Sep 302014
 

In January 2011, DataBreaches.net reported that login credentials for the Maricopa County Community Colleges District (MCCCD) were up for sale on the black market. That month, the FBI also contacted Maricopa to alert them to the breach. In response to the incident, MCCCD brought in Stach & Liu (now Bishop Fox) to investigate and make recommendations.

Following MCCCD’s  second – and massive – data breach in 2013, this blogger filed a formal complaint with the FTC (pdf) asking them to investigate MCCCD’s data security and to take action to protect the financial and personal information of students, vendors, and staff. Yesterday, EPIC filed a supplemental complaint (pdf), also calling on the FTC to investigate and take action against MCCCD to protect personal information.

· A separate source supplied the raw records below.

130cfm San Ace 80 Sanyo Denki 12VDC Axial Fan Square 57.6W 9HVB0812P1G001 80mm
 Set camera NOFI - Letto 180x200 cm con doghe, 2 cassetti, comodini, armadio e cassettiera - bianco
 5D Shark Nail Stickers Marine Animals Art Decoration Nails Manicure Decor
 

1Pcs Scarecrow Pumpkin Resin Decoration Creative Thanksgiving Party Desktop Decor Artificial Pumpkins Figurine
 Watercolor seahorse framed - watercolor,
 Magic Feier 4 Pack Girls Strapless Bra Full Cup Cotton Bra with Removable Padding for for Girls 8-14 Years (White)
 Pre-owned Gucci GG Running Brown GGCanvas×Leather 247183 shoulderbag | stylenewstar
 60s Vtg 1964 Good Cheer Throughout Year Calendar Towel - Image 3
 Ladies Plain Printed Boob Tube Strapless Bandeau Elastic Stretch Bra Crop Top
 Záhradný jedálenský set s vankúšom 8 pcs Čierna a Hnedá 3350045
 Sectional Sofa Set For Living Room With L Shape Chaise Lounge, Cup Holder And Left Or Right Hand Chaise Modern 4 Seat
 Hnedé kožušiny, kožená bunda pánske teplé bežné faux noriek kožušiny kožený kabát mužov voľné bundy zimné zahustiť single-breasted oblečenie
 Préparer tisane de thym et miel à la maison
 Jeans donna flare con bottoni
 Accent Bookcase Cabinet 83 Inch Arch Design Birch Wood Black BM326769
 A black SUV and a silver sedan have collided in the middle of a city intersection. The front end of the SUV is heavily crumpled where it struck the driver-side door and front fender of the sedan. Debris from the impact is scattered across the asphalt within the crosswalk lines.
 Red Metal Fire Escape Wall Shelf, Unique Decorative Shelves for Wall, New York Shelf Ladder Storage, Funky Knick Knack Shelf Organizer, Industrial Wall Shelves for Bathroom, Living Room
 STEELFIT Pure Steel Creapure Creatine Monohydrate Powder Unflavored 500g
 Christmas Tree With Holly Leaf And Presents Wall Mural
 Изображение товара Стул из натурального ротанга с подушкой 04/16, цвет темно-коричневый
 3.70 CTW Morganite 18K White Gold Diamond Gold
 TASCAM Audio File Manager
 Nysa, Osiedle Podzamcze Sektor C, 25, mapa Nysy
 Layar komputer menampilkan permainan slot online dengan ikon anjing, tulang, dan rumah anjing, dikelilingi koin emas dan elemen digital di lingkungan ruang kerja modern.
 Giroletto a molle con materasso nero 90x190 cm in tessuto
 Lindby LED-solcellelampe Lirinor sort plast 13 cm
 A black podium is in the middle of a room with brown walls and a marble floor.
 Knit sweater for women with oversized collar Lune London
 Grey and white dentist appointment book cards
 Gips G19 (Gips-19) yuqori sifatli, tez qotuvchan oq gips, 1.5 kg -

Today, in the first of what is expected to be a series of reports, DataBreaches.net is disclosing what Stach & Liu found in their preliminary investigation of the 2011 breach. In February 2011, they reported that the Application level, they found:

  • Comprehensively insecure code with systemic critical flaws like file inclusion and injection
  • Hundreds of attacks per month as far back as analysis was performed for file inclusion and SQL injection; and
  • No secure coding practices identified whatsoever

For the compromised web server, they found:

  • All LAMP systems are running out-of-date versions
  • 5 LAMP servers were backdoored with web shells
  • Up to 29 virtual hosts were stored on a single server
  • Blank passwords SSH keys were used to connect between systems; and
  • Shared filesystems were used bewteen public web servers

Their findings from investigation at the database level revealed:

  • 29% of passwords were re-used
  • 21% of passwords were cracked in seconds
  • 2 databases were poisoned with credentials to FTP
  • Up to 140 databases were stored on a single server; and
  • Databases dating back to 2000 used cleartext or unsalted passwords with FILE privileges

Note: the databases referred to above were those residing on the compromised webservers and other virtual servers. These servers were managed by the server team and MCCCD’s Marketing Department – not the employees MCCCD subsequently fired and tried to blame for everything.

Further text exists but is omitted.